Consider a particle at the origin pointing in some direction. It rests in a uniform magnetic field and given a kick. See image:
Unless $\theta = 0,\pi$, it will take a finite amount of time to hit one of the two represented planes. The particle will travel in the familiar helix pattern and as such two angles are unnecessary. We consider $\theta'$, the angle from the plane normals. Then the time of flight is easily found from the transverse velocity,
$$ t = \frac{d}{v}\frac{1}{\cos\theta'} $$
$d$ and $v$ are constant (to simplify things). The only distribution going into this is the emission angle (isotropic). I understand this to be generated as $\theta' = \arccos(1 - 2q)$ with the uniform $q:[0, 1)$.
The question at this point, is what is the PDF for $t$? I.e. what's the probability of a particle reaching a plane within some window $[t_i, \, t_i+dt]$?
Side comment: If anyone's got any good stat book recommendations, that'd be awesome.

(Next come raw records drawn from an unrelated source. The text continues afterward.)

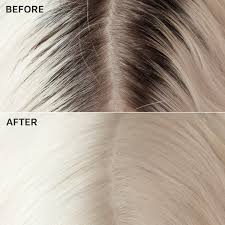 Root Bleaching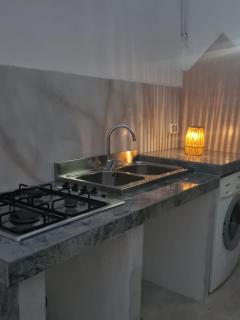 casa al mare kalispera - 9
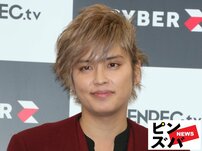 「神ファンサすぎる」手越祐也、歌舞伎町ホスト刺傷事件めぐり神対応！孤立救助の女性に“DM激励”していた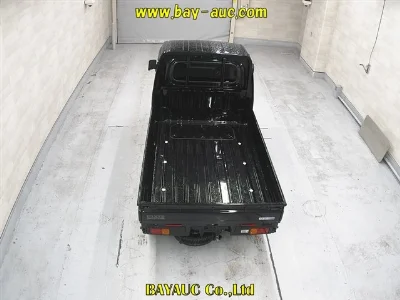 TOYOTA PIXIS TRUCK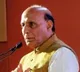 Rajnath Singh held review meeting on Agnipath
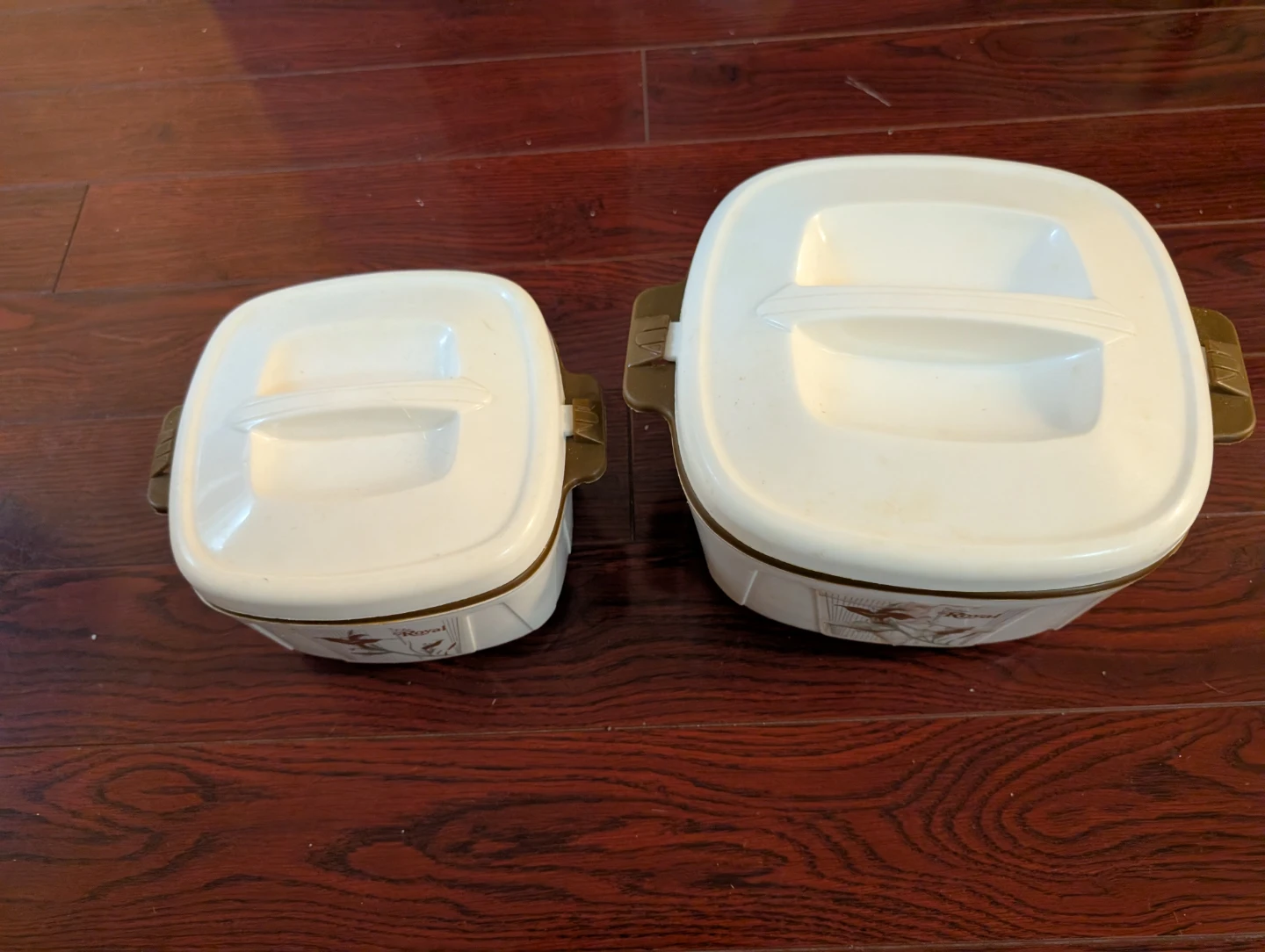 Set of 2 Royal Insulated Casserole Dishes - photo 2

Modify $T = \frac{d}{v |\cos \theta'|}$ because walls are symmetric in both directions
$$\theta' = \cos^{-1}(1-2q)$$
So
$$T = \frac{d}{v |1 - 2q|}$$
To avoid annoying absolute values, assume $q' \sim U(0, 0.5)$, because the other half produces exactly the same result, so has the same impact on the time distribution. So
$$T = \frac{d}{v (1 - 2q')}$$
According to Theorem 4.1, given a monotonic relationship between $T$ and $q$, the PDF of a function of a random variable can be written as
$$ \rho(T) = \rho(q') \bigl| \frac{dq'}{dT} \bigr| = \rho(q') \bigl| -\frac{v}{2d}(1-2q')^2 \bigr| $$
Finally, we must plug in explicit expression $q' = \frac{1}{2}\bigl (1 - \frac{d}{Tv} \bigr)$ to get
$$ \rho(T) = \rho (q') \frac{d}{2vT^2} = \frac{d}{vT^2} $$
with the constraint that $q' \in [0, 0.5]$, which translates to the constraint $T > T_{\min} = \frac{d}{v}$. The same theorem prescribes that $\rho(T) = 0$ whenever the constraint is not met, which makes sense, because it is not possible to reach the target faster.